◆ ASSIGNED TASK: From the listing below, pull out the lines that hold "Street".

◆ DATASET EXCERPTS:

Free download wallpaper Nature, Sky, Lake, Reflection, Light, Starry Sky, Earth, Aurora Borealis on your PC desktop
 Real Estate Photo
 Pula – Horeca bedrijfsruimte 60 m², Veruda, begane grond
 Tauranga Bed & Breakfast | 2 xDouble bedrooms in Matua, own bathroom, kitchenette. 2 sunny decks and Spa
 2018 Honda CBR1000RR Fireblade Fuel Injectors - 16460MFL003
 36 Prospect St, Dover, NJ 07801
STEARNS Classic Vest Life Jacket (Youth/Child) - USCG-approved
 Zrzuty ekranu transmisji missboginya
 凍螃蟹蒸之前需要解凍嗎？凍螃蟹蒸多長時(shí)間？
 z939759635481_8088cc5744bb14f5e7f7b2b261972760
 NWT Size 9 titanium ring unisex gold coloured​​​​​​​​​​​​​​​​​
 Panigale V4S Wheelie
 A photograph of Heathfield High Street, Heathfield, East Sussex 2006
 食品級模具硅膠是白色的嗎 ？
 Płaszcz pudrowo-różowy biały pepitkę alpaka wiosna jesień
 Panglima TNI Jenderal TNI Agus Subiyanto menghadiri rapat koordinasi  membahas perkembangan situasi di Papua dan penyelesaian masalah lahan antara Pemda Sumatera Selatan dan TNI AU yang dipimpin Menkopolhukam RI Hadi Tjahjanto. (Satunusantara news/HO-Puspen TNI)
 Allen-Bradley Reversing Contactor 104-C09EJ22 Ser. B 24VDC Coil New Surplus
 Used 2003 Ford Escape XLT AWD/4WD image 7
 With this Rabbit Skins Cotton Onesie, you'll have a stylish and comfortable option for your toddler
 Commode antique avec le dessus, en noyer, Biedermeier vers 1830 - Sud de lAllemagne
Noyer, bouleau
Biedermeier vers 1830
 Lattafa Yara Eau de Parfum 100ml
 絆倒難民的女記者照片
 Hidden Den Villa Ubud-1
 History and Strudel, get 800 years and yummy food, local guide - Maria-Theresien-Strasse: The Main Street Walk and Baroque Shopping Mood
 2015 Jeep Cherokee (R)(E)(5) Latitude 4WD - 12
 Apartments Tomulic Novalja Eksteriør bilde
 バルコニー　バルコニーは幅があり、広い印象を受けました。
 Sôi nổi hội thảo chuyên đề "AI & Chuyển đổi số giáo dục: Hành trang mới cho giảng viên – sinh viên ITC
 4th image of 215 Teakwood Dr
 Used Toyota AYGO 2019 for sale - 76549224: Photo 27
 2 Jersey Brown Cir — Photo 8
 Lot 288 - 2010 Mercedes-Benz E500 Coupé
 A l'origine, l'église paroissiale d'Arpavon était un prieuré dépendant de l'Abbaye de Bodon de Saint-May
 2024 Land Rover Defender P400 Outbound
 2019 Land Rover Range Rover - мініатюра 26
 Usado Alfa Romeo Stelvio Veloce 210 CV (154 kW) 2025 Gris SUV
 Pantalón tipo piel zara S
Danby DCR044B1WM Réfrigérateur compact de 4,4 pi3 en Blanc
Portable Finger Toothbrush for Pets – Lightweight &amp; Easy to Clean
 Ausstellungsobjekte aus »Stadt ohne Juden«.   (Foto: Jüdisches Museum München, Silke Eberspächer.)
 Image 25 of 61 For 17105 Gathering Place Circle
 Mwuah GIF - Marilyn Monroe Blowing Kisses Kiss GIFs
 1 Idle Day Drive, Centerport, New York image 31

◆ FINAL ANSWER:
 A photograph of Heathfield High Street, Heathfield, East Sussex 2006
 History and Strudel, get 800 years and yummy food, local guide - Maria-Theresien-Strasse: The Main Street Walk and Baroque Shopping Mood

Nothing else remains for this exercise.